Marriott International Inc. (NYSE: MAR
) on Tuesday reported better than expected fiscal third-quarter results as revenue was bolstered by higher room rates amid rising international travel.
For the fiscal fourth quarter, the Bethesda, Maryland-based company reported that total revenue-per-available-room (ravPAR), a key gauge on hotel chain’s performance, climbed 6% even as room rates increased by 4%.
Marriott International, known for brands such as Ritz-Carlton, Courtyard and Residence Inn, anticipates that revenue-per- available-room is likely to grow 4% to 7% in the fiscal 2013.
The hotel operator said that it is maintaining a very conservative outlook due to fears over possible budget cuts or sequester which could impact the demand in North America.
“There is nothing in the business we can see today that would cause me to go out and say 4 percent revPAR growth, but March 1 is coming and we will have to see what Congress does,” said Laura Paugh , company’s spokeswoman in a statement.

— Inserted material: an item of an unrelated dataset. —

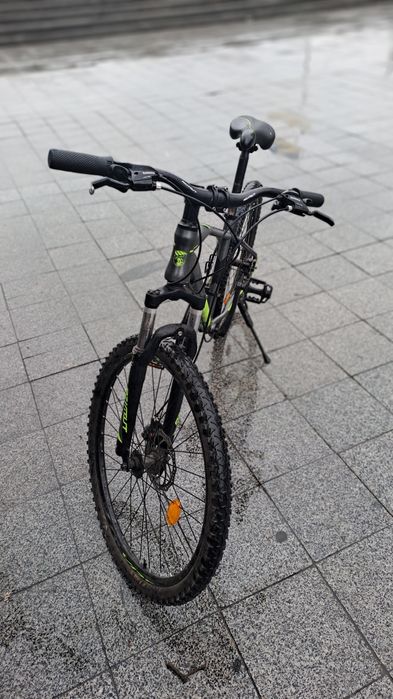 Велесопед Azimut гірський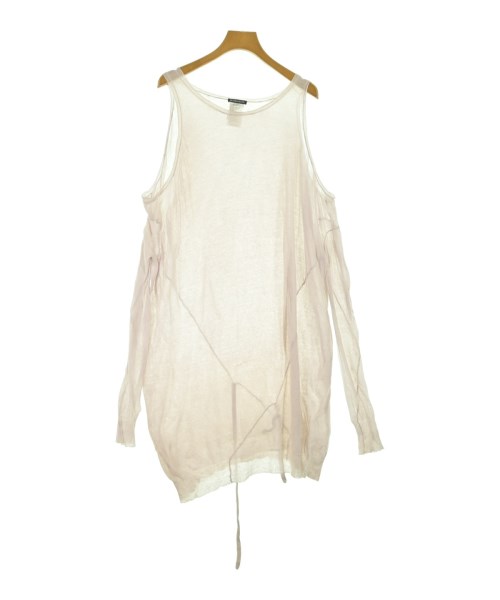 ANN DEMEULEMEESTER(アンドゥムルメステール)ニット・セーター ピンク サイズ:36(XS位)/2200647653104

Paugh also said that the Company was in talks with corporate customers to hike room rates by high single digit percentage; nevertheless congressional negotiations over the ‘fiscal cliff’ held up the process, added Paugh. Better demand from corporate customers has been the key driving force behind hotel industry’s rebound in North America. For Marriott International, revenue from corporate customers account for more than three quarters of entire revenue.
Net income during the quarter came at $181 million or 56 cents per share up 28 percent from $141 million, or 41 cents per share, in the year earlier quarter.
Excluding onetime items, adjusted or non-GAAP earnings stood at 56 cents a share. Revenue during the period rose 2% to $3.76 billion.
Analysts’ consensus estimate was for earnings of 55 cents a share on revenue of $3.66 billion, according to a data compiled by Thomson Reuters.